(AP) - Trillions of evolution’s bizarro wonders, red-eyed periodical cicadas that have pumps in their heads and jet-like muscles in their rears, are about to emerge in numbers not seen in decades and possibly centuries.
Crawling out from underground every 13 or 17 years, with a collective song as loud as jet engines, the periodical cicadas are nature’s kings of the calendar.
These black bugs with bulging eyes differ from their greener-tinged cousins that come out annually. They stay buried year after year, until they surface and take over a landscape, covering houses with shed exoskeletons and making the ground crunchy.
This spring, an unusual cicada double dose is about to invade a couple parts of the United States in what University of Connecticut cicada expert John Cooley called “cicada-geddon.”
The last time these two broods came out together in 1803 Thomas Jefferson, who wrote about cicadas in his Garden Book but mistakenly called them locusts, was president. “Periodic cicadas don’t do subtle,” Cooley said.
If you’re fascinated by the upcoming solar eclipse, the cicadas are weirder and bigger, said Georgia Tech biophysicist Saad Bhamla.
“We’ve got trillions of these amazing living organisms come out of the Earth, climb up on trees and it’s just a unique experience, a sight to behold,” Bhamla said.
“It’s like an entire alien species living underneath our feet and then some prime number years they come out to say hello.”
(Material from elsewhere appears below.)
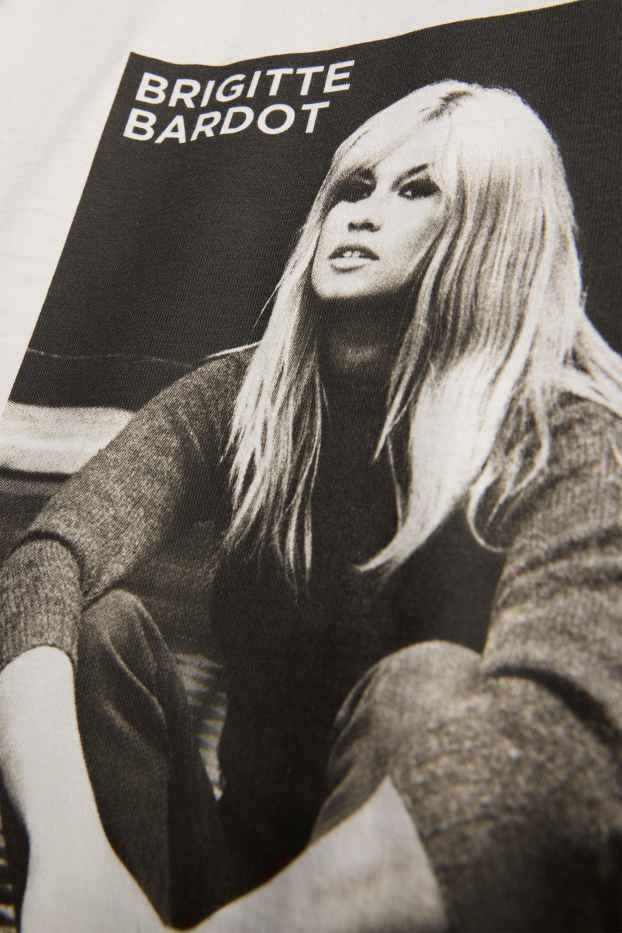 Damen - T-Shirt - Regular Fit - Brigitte Bardot - weiss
At times mistaken for voracious and unrelated locusts, periodical cicadas are more annoying rather than causing biblical economic damage. They can hurt young trees and some fruit crops, but it’s not widespread and can be prevented.
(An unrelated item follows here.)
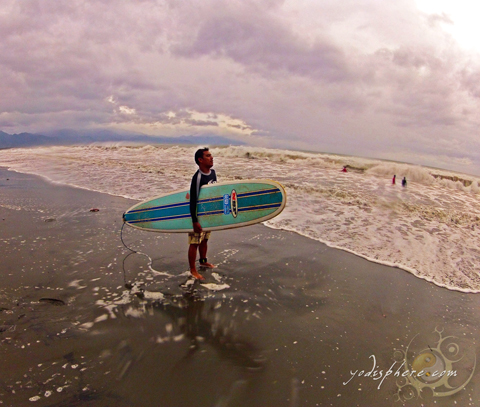 Awesome waves in Baler perfect for surfing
The largest geographic brood in the nation ― called Brood XIX and coming out every 13 years ― is about to march through the Southeast, having already created countless boreholes in the red Georgia clay. It’s a sure sign of the coming cicada occupation.
They emerge when the ground warms to 64 degrees (17.8 degrees Celsius), which is happening earlier than it used to because of climate change, entomologists said. The bugs are brown at first but darken as they mature.
Soon after the insects appear in large numbers in Georgia and the rest of the Southeast, cicada cousins that come out every 17 years will inundate Illinois. They are Brood XIII.
“You’ve got one very widely distributed brood in Brood XIX, but you have a very dense historically abundant brood in the Midwest, your Brood XIII,” said University of Maryland entomologist Mike Raupp.
“And when you put those two together… you would have more than anywhere else any other time,” University of Maryland entomologist Paula Shrewsbury said.